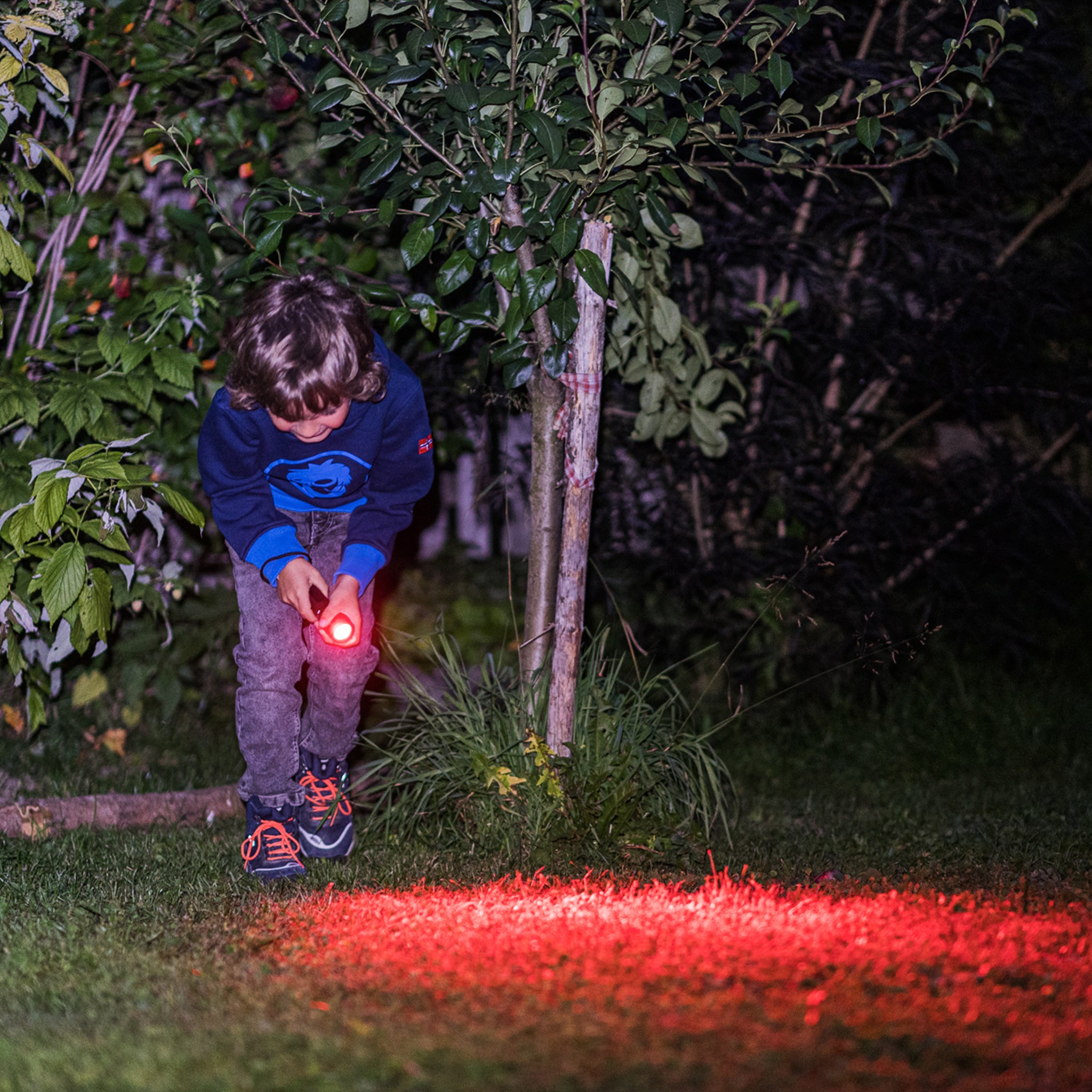 Kidbeam4 Torch held by a child outdoors at night with red light emitting from the compact handheld torch illuminating grass and surrounding foliage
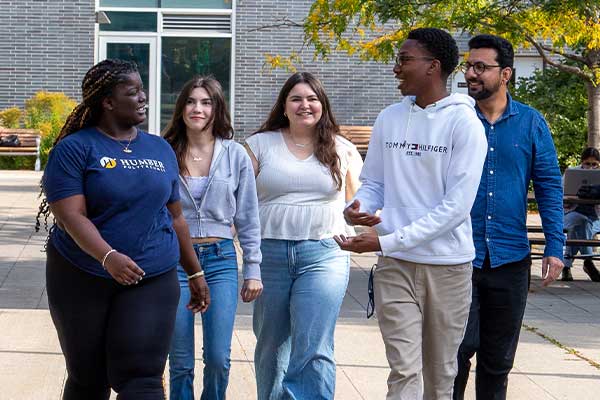 Group of people walking on Humber campus tour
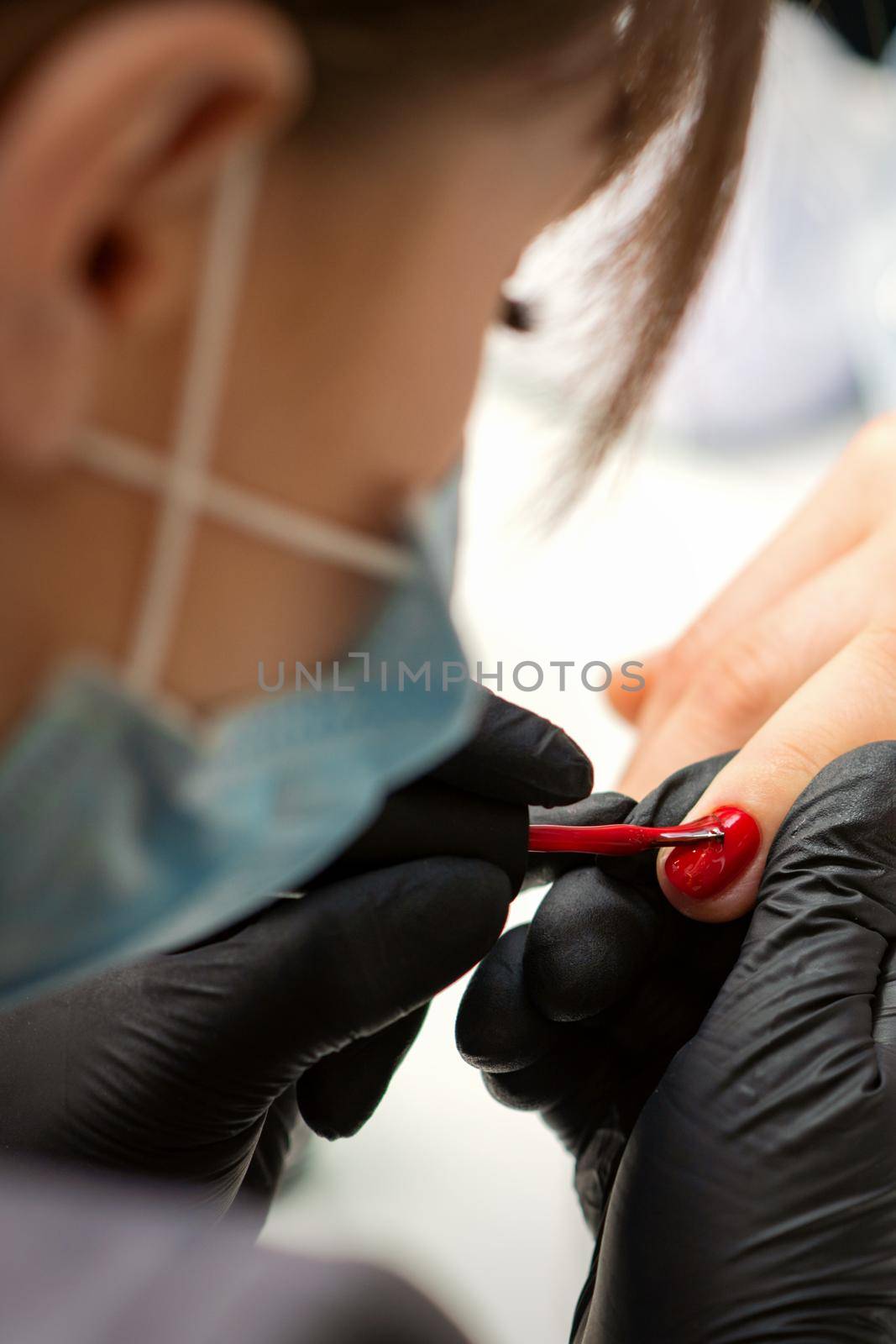 Painting nails of a woman. Hands of Manicurist in black gloves applying red nail polish on female Nails in a beauty salon. by okskukuruza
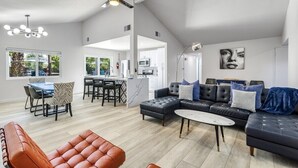 A spacious living area with a modern sofa, a dining table, and a kitchen in the background. - Palm Springs Artistic Pool Home – Walled Mid-Century Retreat with Pool, Spa & Mountain Views (Palm Springs)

* _EXERCISE AIM_: All that should be printed is the lines from the one containing "Painting nails of" through the last line of the material above, both ends included, exactly as they stand; please skip the pictures.

* _SOLUTION FOR THIS TASK_:
 Painting nails of a woman. Hands of Manicurist in black gloves applying red nail polish on female Nails in a beauty salon. by okskukuruza
 A spacious living area with a modern sofa, a dining table, and a kitchen in the background. - Palm Springs Artistic Pool Home – Walled Mid-Century Retreat with Pool, Spa & Mountain Views (Palm Springs)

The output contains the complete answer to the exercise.